The Matter of Why Space Matters

space God loves matter, which is why he made lots of it (God must love space even more.) 

(Cornelius Plantinga, in Engaging God's World)

When Armstrong, Aldrin, and Collins were hurtling through space toward the moon in Apollo 11, they had no idea what they were hurtling  through.  We still don't.  At least we don't know much. In fact, my cats may know just as much for all I know.

I think of space as emptiness, as the absence of things, or matter, and yet scientists say that's not really the case.  As I understand them, outer space is not completely empty (that is, a perfect vacuum) but contains a low density of particles, predominantly hydrogen plasma, as well as electromagnetic radiation, dark matter and dark energy --- mostly the latter two "dark" twins, except we really don't know what they are or if they're really there (kind of like imaginary playmates).  For instance, dark matter is said to be a mysterious substance which scientists think accounts for most of the mass in the universe but that is invisible to current instruments.  We don't really know for sure that it's there, and yet this stuff we can't see accounts for 96% of the universe.  But you know scientists; they positively live to postulate.

But enough of that.  I think of space more in the sense of spaciousness, an openness filling the yawning gaps between good solid things like trees, stars, and people.  There's a lot of it around.  God made it, so he must love it (says Plantinga), and given how much of it there is, he must love it a lot.

God does love space --- the sparseness of it, the roominess of it, the solitude of it, the wonder of it, the silence of it, and the noise of it.  And so should we, or so do we, but for sin's curse.  Because of sin, some of us can't abide being alone in the solitude of space. Agoraphobics, those who fear open places, hide in their rooms, undone by the expanse of space and place.  And some of us, like nettling bureaucrats, rush to fill every interstice of human experience with a regulation, rule, or command --- legalists to the core who can't abide the inevitable space in our codifications of appropriate behavior.  And yet it was not to be this way.

Our distant ancestor, Job, marveled at the emptiness of space, wondering that "he spreads out the northern skies over empty space; he suspends the earth over nothing," (Job 26:7) and later concluding that "these are but the outer fringe of his works; how faint the whisper we hear of him!" (26:14).  The Psalmist kicks back on the grass outside Jerusalem and wonders aloud: "When I consider your heavens, the work of your fingers, the moon and the stars, which you have set in place, what is man that you are mindful of him, the son of man that you care for him?" (Ps. 8:3-4).  Part of what he considers in those heavens is the juxtaposition of visible objects like stars with the vast spaciousness of space, the separation of what is from what is not.  Kant said space is relationship, a way to order our experience of reality; Newton, that it was absolute, a part of reality.  I think it's both.  Sitting in my office, I enjoy space as something real I can move around in and also the sense of space as a juxtaposition of the empty with definite objects like walls and desks and windows.

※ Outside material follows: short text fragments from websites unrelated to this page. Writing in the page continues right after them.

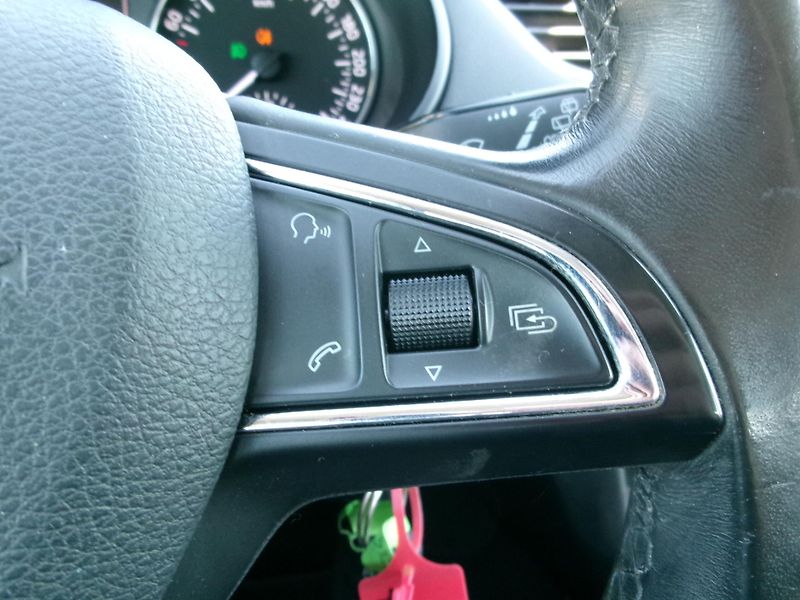 Škoda Octavia (2013) 1,4 TSI AC BT NAVI TEMP - fotka 19 z 38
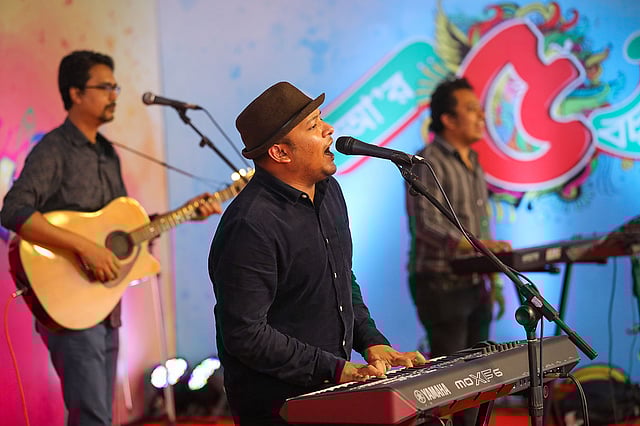 এরপর গান নিয়ে আসেন জনপ্রিয় শিল্পী মিনার। মঞ্চে এসে মিনার পরিবেশনা শুরু করেন বাচ্চুর আরেক বিখ্যাত গান ‘হাসতে দেখ, গাইতে দেখ’ দিয়ে।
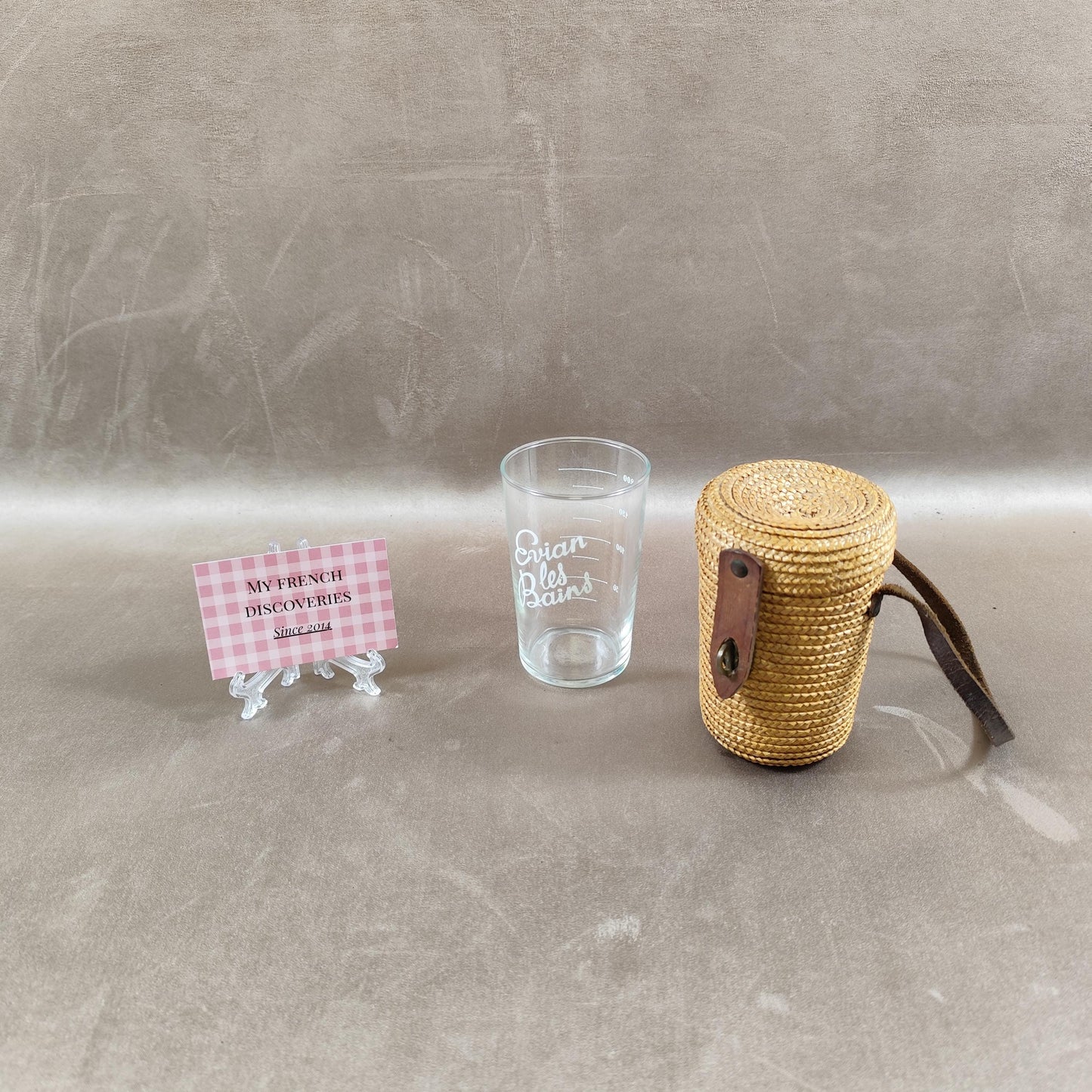Verre de curiste Evian les Bains avec étui en paille Verre gradué Thermalisme
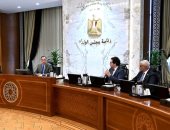 رئيس الوزراء يتابع زيادة الخدمات والأنشطة بالمحافظات الحدودية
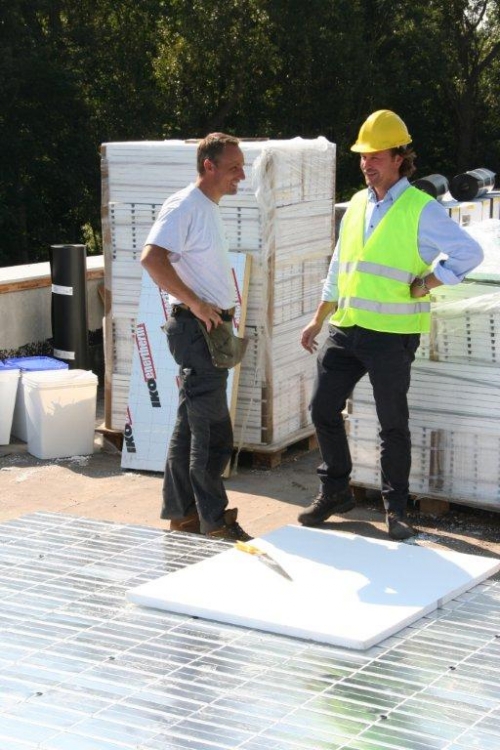Opdrachtgever Martin Bakker van Voormolen Dakbedekkingen (met helm) en uitvoerend voorman Marcel van der Meijs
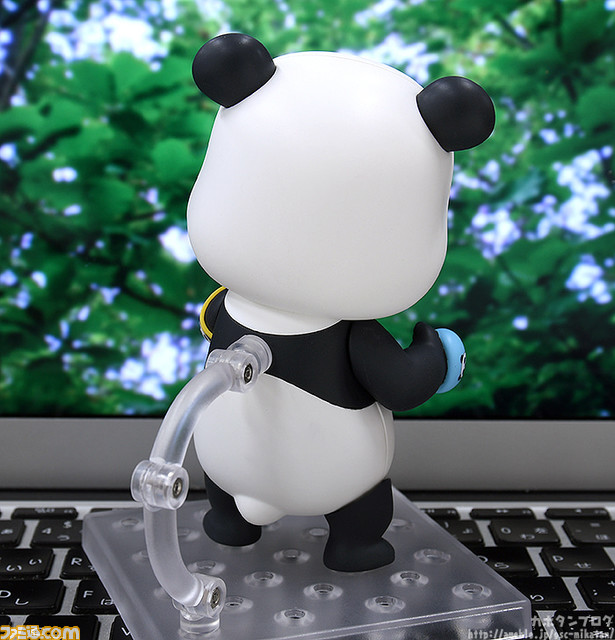 『呪術廻戦』パンダのねんどろいどが本日予約開始。オプションパーツには“腕章”“パンダのプロップ”“風船”に加え“赤ちゃん時代のパンダ”が付属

I love space.  When I open Scripture to the Creation account of Genesis 1-3, I'm thankful for the vast spaciousness of the Word that made it all.  Behind the words "God made" lies a rich and infinite domain of interpretation, of room for human exploration.  And when I hear the reassuring words of "Your word is a lamp to my feet and a light for my path," (Ps 119:105), I'm glad the Word is the lamp and not the path, that I have a sure guide but a vast landscape through which to find my way.  That's space. That's the kind of space God gives us.

Leaving the space of outer space and the vastness of the landscape of life, I'm thankful for the simple yet profound space of a poem.  No one better illustrates the fulsome nature of space with poetic verse than the spare poetry of William Carlos Williams:

so much depends
upon

a red wheel
barrow

glazed with rain
water

beside the white
chickens.

(The Red Wheelbarrow).  Writing about the poem in Understanding Poetry, poet Robery Penn Warren said that "[r]eading this poem is like peering at an ordinary object through a pin prick in a piece of cardboard. The fact that the tiny hole arbitrarily frames the object endows it with an exciting freshness that seems to hover on the verge of revelation."  In other words, more is said by what is unsaid than by what is said. 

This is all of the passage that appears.